• **Problem to solve**: Please return all records verbatim, no pictures.

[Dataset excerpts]
******************************
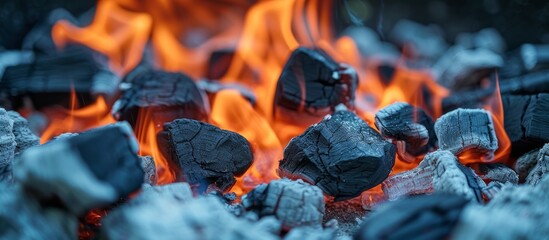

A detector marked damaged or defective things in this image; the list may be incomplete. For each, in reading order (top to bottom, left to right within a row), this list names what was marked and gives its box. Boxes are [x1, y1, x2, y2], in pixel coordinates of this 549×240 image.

chunk of burnt wood [0, 45, 119, 109]
chunk of burnt wood [111, 69, 208, 127]
chunk of burnt wood [274, 46, 360, 116]
chunk of burnt wood [432, 46, 500, 90]
chunk of burnt wood [7, 110, 39, 154]
chunk of burnt wood [14, 123, 143, 215]
chunk of burnt wood [139, 157, 156, 185]
chunk of burnt wood [156, 118, 253, 193]
chunk of burnt wood [278, 109, 394, 201]
chunk of burnt wood [372, 102, 436, 162]
chunk of burnt wood [382, 151, 484, 202]
chunk of burnt wood [434, 109, 498, 160]
chunk of burnt wood [470, 163, 520, 184]
chunk of burnt wood [500, 93, 548, 155]
chunk of burnt wood [512, 148, 540, 182]
chunk of burnt wood [100, 197, 276, 240]
chunk of burnt wood [241, 179, 324, 230]
chunk of burnt wood [356, 193, 466, 240]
******************************
• **Completed task**:
A detector marked damaged or defective things in this image; the list may be incomplete. For each, in reading order (top to bottom, left to right within a row), this list names what was marked and gives its box. Boxes are [x1, y1, x2, y2], in pixel coordinates of this 549×240 image.

chunk of burnt wood [0, 45, 119, 109]
chunk of burnt wood [111, 69, 208, 127]
chunk of burnt wood [274, 46, 360, 116]
chunk of burnt wood [432, 46, 500, 90]
chunk of burnt wood [7, 110, 39, 154]
chunk of burnt wood [14, 123, 143, 215]
chunk of burnt wood [139, 157, 156, 185]
chunk of burnt wood [156, 118, 253, 193]
chunk of burnt wood [278, 109, 394, 201]
chunk of burnt wood [372, 102, 436, 162]
chunk of burnt wood [382, 151, 484, 202]
chunk of burnt wood [434, 109, 498, 160]
chunk of burnt wood [470, 163, 520, 184]
chunk of burnt wood [500, 93, 548, 155]
chunk of burnt wood [512, 148, 540, 182]
chunk of burnt wood [100, 197, 276, 240]
chunk of burnt wood [241, 179, 324, 230]
chunk of burnt wood [356, 193, 466, 240]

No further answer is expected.